No one who is concerned for the immediate future of Europe should neglect
the omen: half a million men, with leaders chosen rapidly by themselves,
converging without disaster, with ample commissariat, with precision and
rapidity upon one spot: a common action decided upon, and that action most
calculated to defeat the enemy; decided upon by men of no exceptional
power, mere mouthpieces of this vast concourse: similar and exactly
parallel decisions over the whole countryside from the great towns to the
tiny mountain villages. It is the spirit of a swarm of bees. One incident
in the affair was the most characteristic of it all: fearing they would
be ordered to fire on men of their own district the private soldiers and
corporals of the 17th of the Line mutinied. So far so good: mutinies are
common in all actively military states—the exceptional thing was what
followed. The men organized themselves without a single officer or
non-commissioned officer, equipped themselves for a full day's march to
the capital of the province, achieved it in good order, and took quarters
in the town. All that exact movement was spontaneous. It explains the
Marshals of the Empire. These were sent off as a punishment to the edge
of the African desert; the mutiny seemed to the moneydealers a proof of
military defeat. They erred: these young men, some of them of but six
months' training, none of them of much more than two years, not one of
them over twenty-five years of age, were a precise symbol of the power
which made the Revolution and its victims.
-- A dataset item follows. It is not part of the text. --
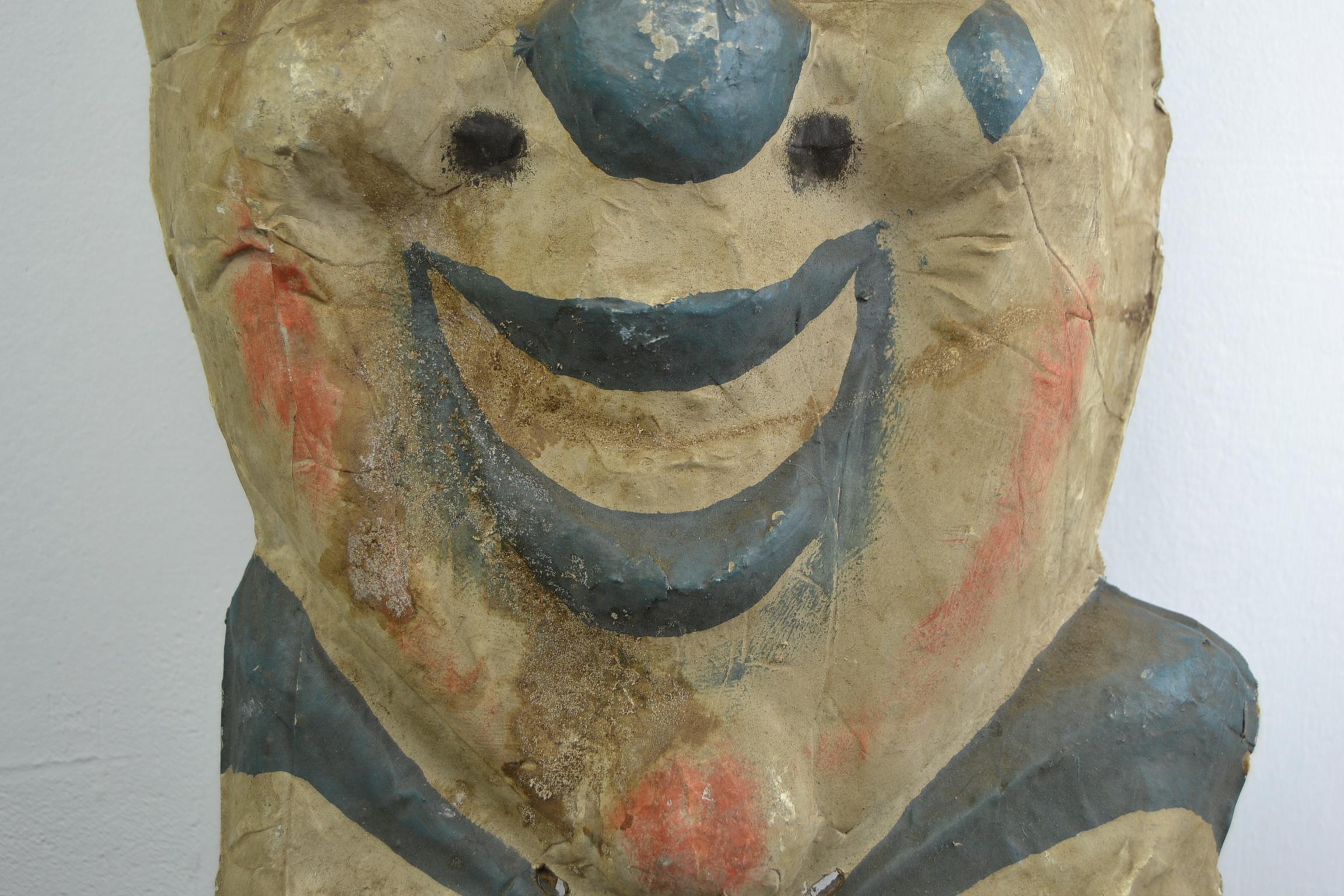European Smiling Circus Clown Head, Papier Mâché, 1930s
The reappearance of that power
in our tranquil modern affairs seems to me of capital importance.
One should end by asking one's self, "Will these unfinished movements
breed a finished movement at last? Will Gaul move to some final purpose
in our time, and if so, against what, with what an object and in what a
manner?"
Prophecy is vain, but it is entertaining, and I will prophesy that Gaul
will move in our time, and that the movement will be directed against the
pestilent humbug of the parliamentary system.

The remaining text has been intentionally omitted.